Sundberg references the “Jamnia doctrine of inspiration” which “limited inspiration from the time of Moses to the time of Ezra-Nehemiah” (202). As we’ve discovered, trying to associate anything concrete with what happened at Jamnia is like trying to grab a wet fish. But Sundberg points out that the “Jamnia doctrine” is first found in Josephus, Against Apion 1,8. And he says it “appears to be reflected in 4 Esdras” (202).

So, for some Catholic Bible Student action, here’s the relevant section from Josephus:

  • For we have not an innumerable multitude of books among us, disagreeing from and contradicting one another, [as the Greeks have,] but only twenty-two books, (8) which contain the records of all the past times; which are justly believed to be divine; and of them five belong to Moses, which contain his laws and the traditions of the origin of mankind till his death. This interval of time was little short of three thousand years; but as to the time from the death of Moses till the reign of Artaxerxes king of Persia, who reigned after Xerxes, the prophets, who were after Moses, wrote down what was done in their times in thirteen books. The remaining four books contain hymns to God, and precepts for the conduct of human life.
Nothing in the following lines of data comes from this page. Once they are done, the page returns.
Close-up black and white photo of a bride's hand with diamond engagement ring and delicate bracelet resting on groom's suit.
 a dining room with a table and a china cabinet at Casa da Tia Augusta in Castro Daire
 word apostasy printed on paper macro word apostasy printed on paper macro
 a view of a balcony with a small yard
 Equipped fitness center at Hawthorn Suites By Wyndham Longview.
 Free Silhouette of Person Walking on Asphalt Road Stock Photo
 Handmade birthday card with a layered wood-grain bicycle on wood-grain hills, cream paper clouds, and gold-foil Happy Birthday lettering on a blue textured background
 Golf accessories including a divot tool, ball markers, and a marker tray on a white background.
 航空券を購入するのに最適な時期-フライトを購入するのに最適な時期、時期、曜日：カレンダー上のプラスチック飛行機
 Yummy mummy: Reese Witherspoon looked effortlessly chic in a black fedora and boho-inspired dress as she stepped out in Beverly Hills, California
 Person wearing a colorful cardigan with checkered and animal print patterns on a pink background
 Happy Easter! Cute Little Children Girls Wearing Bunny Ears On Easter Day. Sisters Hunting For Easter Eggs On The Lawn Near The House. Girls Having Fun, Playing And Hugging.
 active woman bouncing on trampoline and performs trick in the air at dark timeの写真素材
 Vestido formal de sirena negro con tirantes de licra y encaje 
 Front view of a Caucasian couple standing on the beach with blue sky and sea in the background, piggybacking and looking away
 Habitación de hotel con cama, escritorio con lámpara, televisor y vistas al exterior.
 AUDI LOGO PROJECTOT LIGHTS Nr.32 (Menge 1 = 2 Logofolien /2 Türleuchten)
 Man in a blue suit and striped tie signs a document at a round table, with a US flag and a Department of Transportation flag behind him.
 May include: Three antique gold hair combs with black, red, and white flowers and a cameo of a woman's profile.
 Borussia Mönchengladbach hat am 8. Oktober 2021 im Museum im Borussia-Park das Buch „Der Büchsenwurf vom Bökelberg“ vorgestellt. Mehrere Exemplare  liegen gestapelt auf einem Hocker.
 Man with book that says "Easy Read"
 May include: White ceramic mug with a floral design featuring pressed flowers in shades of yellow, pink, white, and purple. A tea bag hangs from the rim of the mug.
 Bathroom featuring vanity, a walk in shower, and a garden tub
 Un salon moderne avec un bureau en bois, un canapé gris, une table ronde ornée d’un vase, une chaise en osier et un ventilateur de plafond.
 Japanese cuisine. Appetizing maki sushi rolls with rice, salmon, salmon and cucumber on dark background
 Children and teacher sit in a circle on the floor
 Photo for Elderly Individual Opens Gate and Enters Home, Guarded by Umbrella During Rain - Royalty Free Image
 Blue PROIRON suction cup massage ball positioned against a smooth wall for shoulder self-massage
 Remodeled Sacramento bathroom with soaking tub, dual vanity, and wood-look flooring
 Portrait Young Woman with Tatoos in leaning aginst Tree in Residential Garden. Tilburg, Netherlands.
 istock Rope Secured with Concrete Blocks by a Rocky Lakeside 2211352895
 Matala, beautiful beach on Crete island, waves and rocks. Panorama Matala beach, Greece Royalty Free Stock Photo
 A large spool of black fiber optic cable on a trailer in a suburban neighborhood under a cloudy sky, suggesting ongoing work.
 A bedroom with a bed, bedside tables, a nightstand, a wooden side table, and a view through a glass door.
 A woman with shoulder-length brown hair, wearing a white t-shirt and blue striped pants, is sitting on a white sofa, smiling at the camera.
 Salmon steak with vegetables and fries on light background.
It is true, our history hath been written since Artaxerxes very particularly, but hath not been esteemed of the like authority with the former by our forefathers, because there hath not been an exact succession of prophets since that time; and how firmly we have given credit to these books of our own nation is evident by what we do; for during so many ages as have already passed, no one has been so bold as either to add any thing to them, to take any thing from them, or to make any change in them; but it is become natural to all Jews immediately, and from their very birth, to esteem these books to contain Divine doctrines, and to persist in them, and, if occasion be willingly to die for them. (Against Apion 1,8 from Project Gutenberg)

A few things are important for this discussion. 1.) The earliest Christians did not inherit a well-defined canon, 2.) The Palestinian Canon of the Hebrew Bible arose after 70 AD through an unknown process.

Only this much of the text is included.